Daily new Covid-19 cases cross 2,000 after three months

ISLAMABAD: Pakistan on Tuesday reported more than 2,000 new cases of Covid-19 after a period of over three months, the National Command and Operation Center (NCOC) said on Wednesday.

The NCOC said the nation confirmed 2,074 new cases, increasing the caseload to 1,309,248, including 1,259,699 recoveries.

Earlier, the country had reported 2,060 cases on September 24 last year before the infection rate started dropping consistently due to strict measures, including vaccination.

The active cases have also increased to 20,562 including 628 in critical condition.

According to the NCOC data, the pandemic killed 13 people on Tuesday, bringing the death toll to 28,987.

Sindh is the most affected province of the country in terms of the number of cases with 490,010 infections followed by Punjab which has reported 448,924 cases so far.

Witnessing an alarming upward trend, the transmission rate in Karachi crossed 20 percent after as many as 1,223 cases were reported against 6,048 samples tested on Tuesday.

“The ratio of Omicron variant in Karachi has reached 95 percent,” authorities said.

Meanwhile, the positivity ratio in Lahore has also seen a surge with data showing the rate in Punjab’s provincial capital reached above seven percent.

Islamabad and Rawalpindi have reported a positivity of four percent each.

The rise in cases is being driven by the Omicron variant of the coronavirus which has brought a fifth wave of the disease to the nation.

On Tuesday, Minister for Planning and Development Asad Umar said the country has achieved another milestone in the vaccination campaign by crossing the mark of 100 million people who have received at least one dose, including nearly 75 million those who have been fully vaccinated.

PFIZER BOOSTER PROTECTS AGAINST OMICRON: STUDY

Researchers in Israel said they found that a three-shot course of the Pfizer-BioNTech coronavirus vaccine provided significant protection against the new Omicron variant.

The findings were similar to those presented by BioNTech and Pfizer which were an early signal that booster shots could be key to protect against infection from the newly identified variant.

The study, carried out by Sheba Medical Center and the Health Ministry’s Central Virology Laboratory, compared the blood of 20 people who had received two vaccine doses 5-6 months earlier to the same number of individuals who had received a booster a month before.

“People who received the second dose 5 or 6 months ago do not have any neutralization ability against the Omicron. While they do have some against the Delta (strain),” Gili Regev-Yochay, director of the Infectious Diseases Unit at Sheba, told reporters.

“The good news is that with the booster dose it increases about a hundredfold. There is significant protection of the booster dose. It is lower than the neutralisation ability against the Delta, about four times lower,” she said.

OMICRON ‘INEVITABLE’ IN PAKISTAN

In November, Umar, who also heads the National Command and Operation Center (NCOC), warned the Omicron variant will “inevitably” find its way to Pakistan, adding the nation had “only a few weeks” to contain the latest threat.

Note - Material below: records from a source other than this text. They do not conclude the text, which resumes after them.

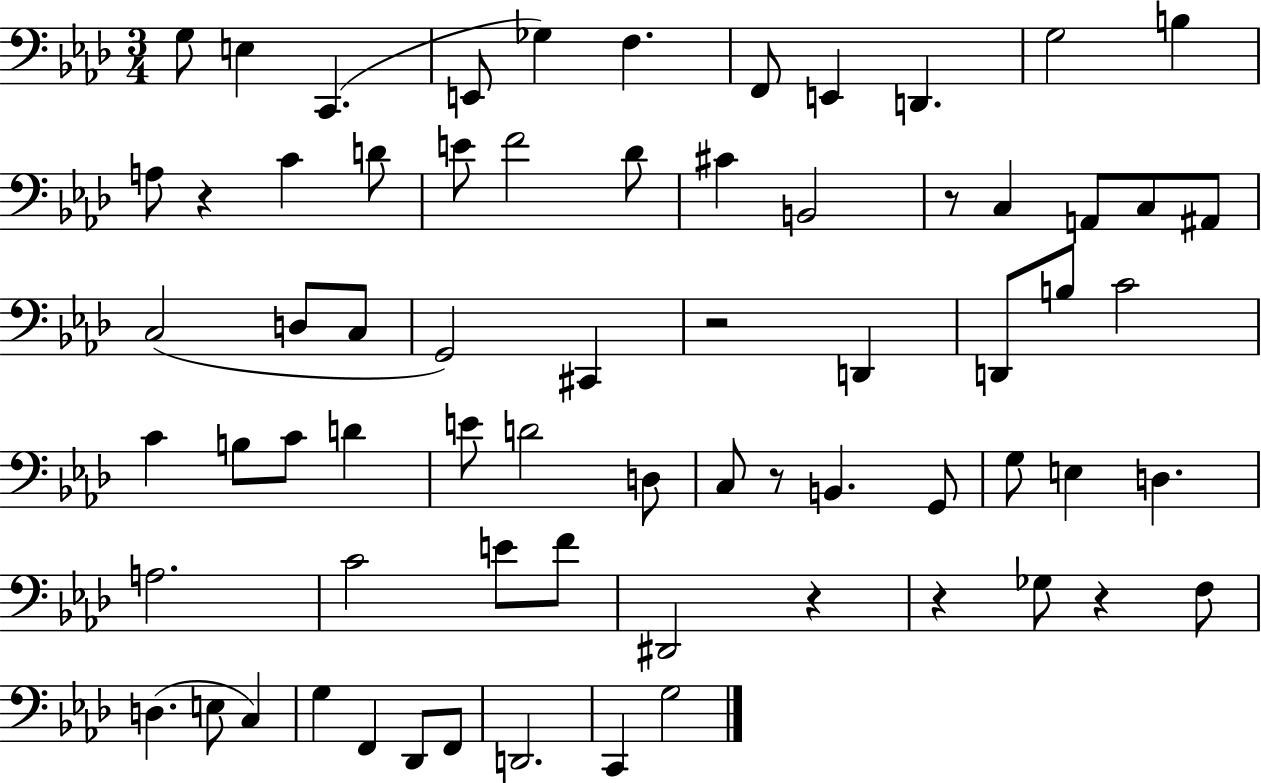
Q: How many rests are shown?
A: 7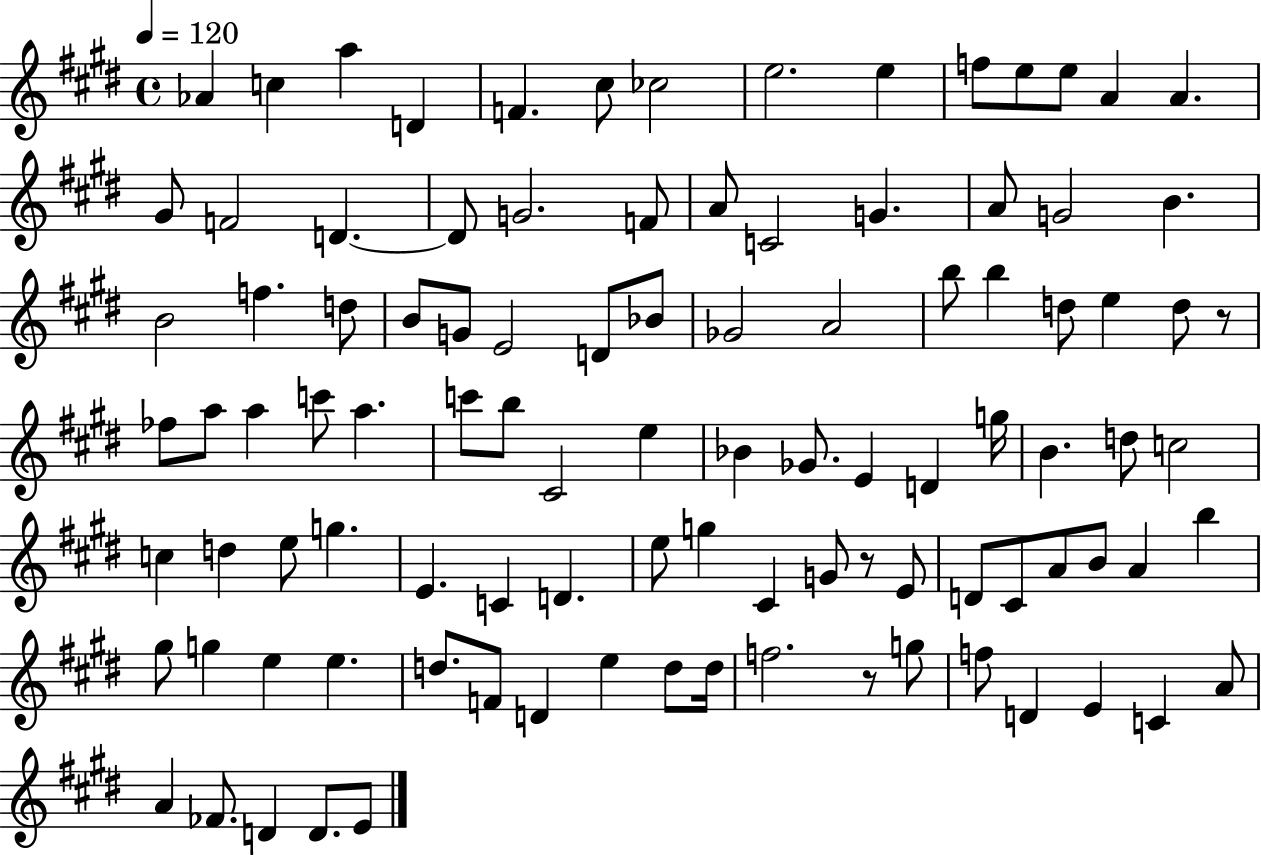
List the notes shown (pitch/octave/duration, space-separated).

Ab4/q C5/q A5/q D4/q F4/q. C#5/e CES5/h E5/h. E5/q F5/e E5/e E5/e A4/q A4/q. G#4/e F4/h D4/q. D4/e G4/h. F4/e A4/e C4/h G4/q. A4/e G4/h B4/q. B4/h F5/q. D5/e B4/e G4/e E4/h D4/e Bb4/e Gb4/h A4/h B5/e B5/q D5/e E5/q D5/e R/e FES5/e A5/e A5/q C6/e A5/q. C6/e B5/e C#4/h E5/q Bb4/q Gb4/e. E4/q D4/q G5/s B4/q. D5/e C5/h C5/q D5/q E5/e G5/q. E4/q. C4/q D4/q. E5/e G5/q C#4/q G4/e R/e E4/e D4/e C#4/e A4/e B4/e A4/q B5/q G#5/e G5/q E5/q E5/q. D5/e. F4/e D4/q E5/q D5/e D5/s F5/h. R/e G5/e F5/e D4/q E4/q C4/q A4/e A4/q FES4/e. D4/q D4/e. E4/e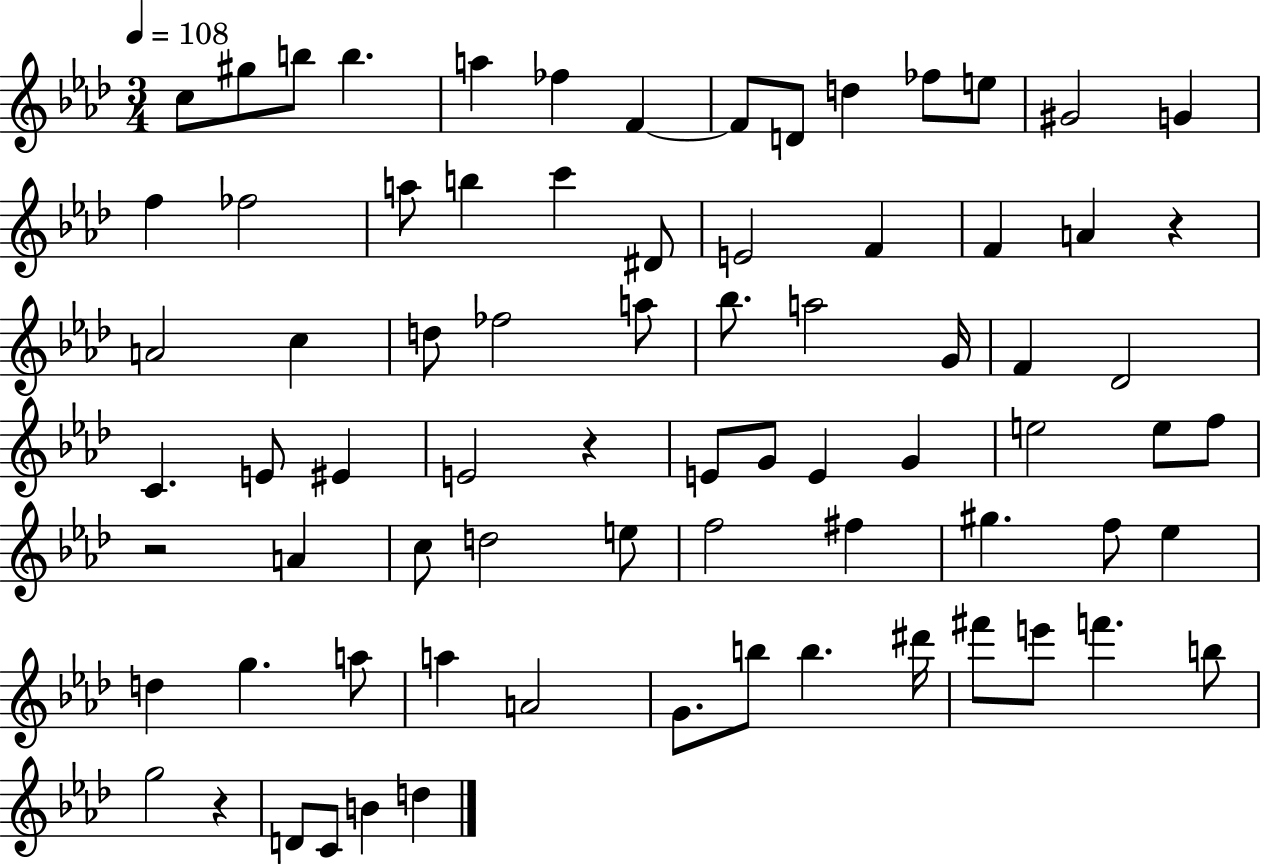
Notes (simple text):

C5/e G#5/e B5/e B5/q. A5/q FES5/q F4/q F4/e D4/e D5/q FES5/e E5/e G#4/h G4/q F5/q FES5/h A5/e B5/q C6/q D#4/e E4/h F4/q F4/q A4/q R/q A4/h C5/q D5/e FES5/h A5/e Bb5/e. A5/h G4/s F4/q Db4/h C4/q. E4/e EIS4/q E4/h R/q E4/e G4/e E4/q G4/q E5/h E5/e F5/e R/h A4/q C5/e D5/h E5/e F5/h F#5/q G#5/q. F5/e Eb5/q D5/q G5/q. A5/e A5/q A4/h G4/e. B5/e B5/q. D#6/s F#6/e E6/e F6/q. B5/e G5/h R/q D4/e C4/e B4/q D5/q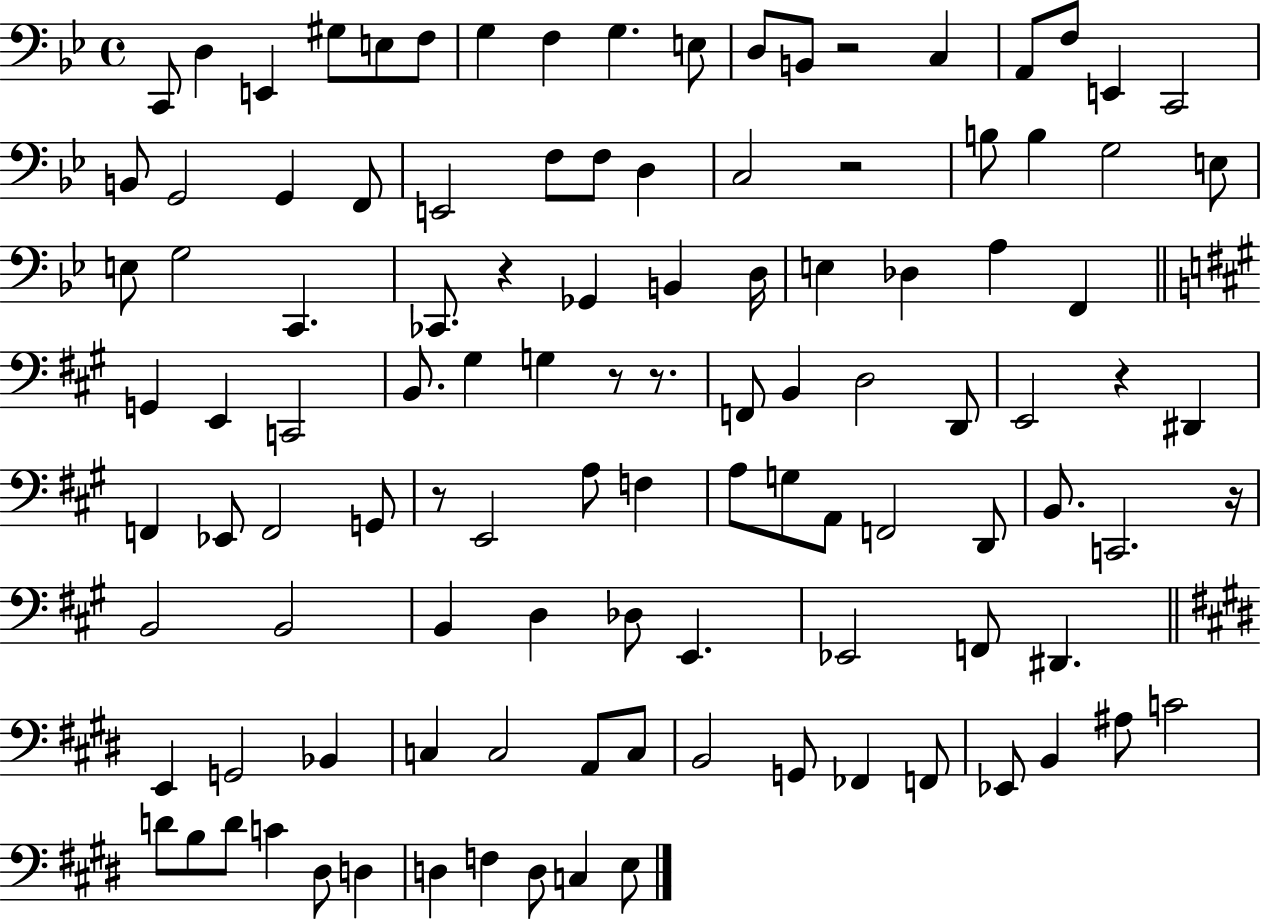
C2/e D3/q E2/q G#3/e E3/e F3/e G3/q F3/q G3/q. E3/e D3/e B2/e R/h C3/q A2/e F3/e E2/q C2/h B2/e G2/h G2/q F2/e E2/h F3/e F3/e D3/q C3/h R/h B3/e B3/q G3/h E3/e E3/e G3/h C2/q. CES2/e. R/q Gb2/q B2/q D3/s E3/q Db3/q A3/q F2/q G2/q E2/q C2/h B2/e. G#3/q G3/q R/e R/e. F2/e B2/q D3/h D2/e E2/h R/q D#2/q F2/q Eb2/e F2/h G2/e R/e E2/h A3/e F3/q A3/e G3/e A2/e F2/h D2/e B2/e. C2/h. R/s B2/h B2/h B2/q D3/q Db3/e E2/q. Eb2/h F2/e D#2/q. E2/q G2/h Bb2/q C3/q C3/h A2/e C3/e B2/h G2/e FES2/q F2/e Eb2/e B2/q A#3/e C4/h D4/e B3/e D4/e C4/q D#3/e D3/q D3/q F3/q D3/e C3/q E3/e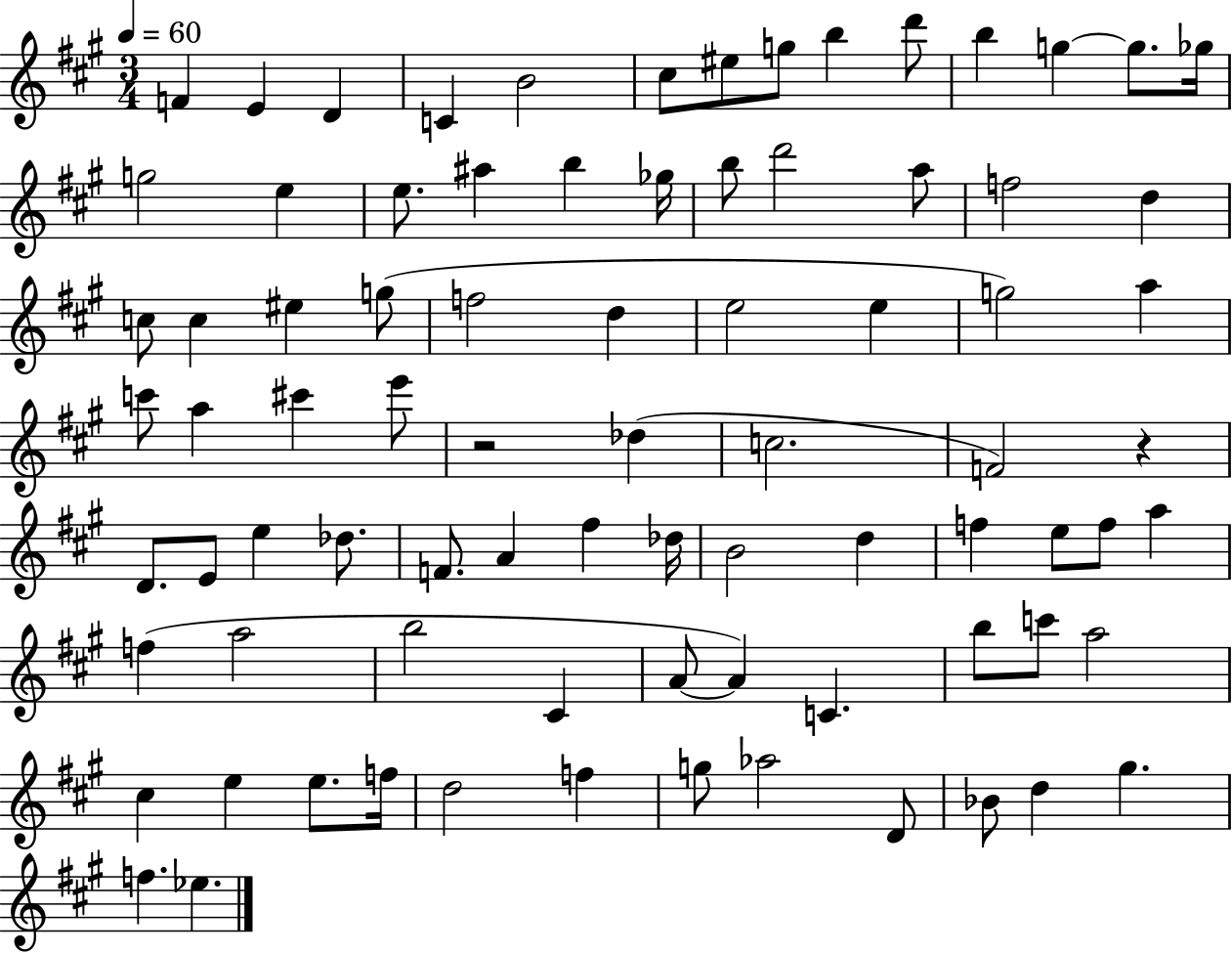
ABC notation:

X:1
T:Untitled
M:3/4
L:1/4
K:A
F E D C B2 ^c/2 ^e/2 g/2 b d'/2 b g g/2 _g/4 g2 e e/2 ^a b _g/4 b/2 d'2 a/2 f2 d c/2 c ^e g/2 f2 d e2 e g2 a c'/2 a ^c' e'/2 z2 _d c2 F2 z D/2 E/2 e _d/2 F/2 A ^f _d/4 B2 d f e/2 f/2 a f a2 b2 ^C A/2 A C b/2 c'/2 a2 ^c e e/2 f/4 d2 f g/2 _a2 D/2 _B/2 d ^g f _e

“The emergence of new variant makes it even more urgent to vaccinate all eligible citizens 12 years and older,” he said.

“It is my appeal to people, particularly those who’ve gotten one dose to get the second dose because this is one effective thing we have to protect ourselves from the danger of this variant,” the minister added.

The alert followed a WHO communiqué warning its 194 member states the variant is likely to spread internationally, posing a “very high” global risk where Covid-19 surges could have “severe consequences” in some areas.

The UN agency urged them to accelerate vaccination of high-priority groups and to “ensure mitigation plans are in place” to maintain essential health services.

“Omicron has an unprecedented number of spike mutations, some of which are concerning for their potential impact on the trajectory of the pandemic,” the WHO said. “The overall global risk related to the new variant of concern Omicron is assessed as very high.”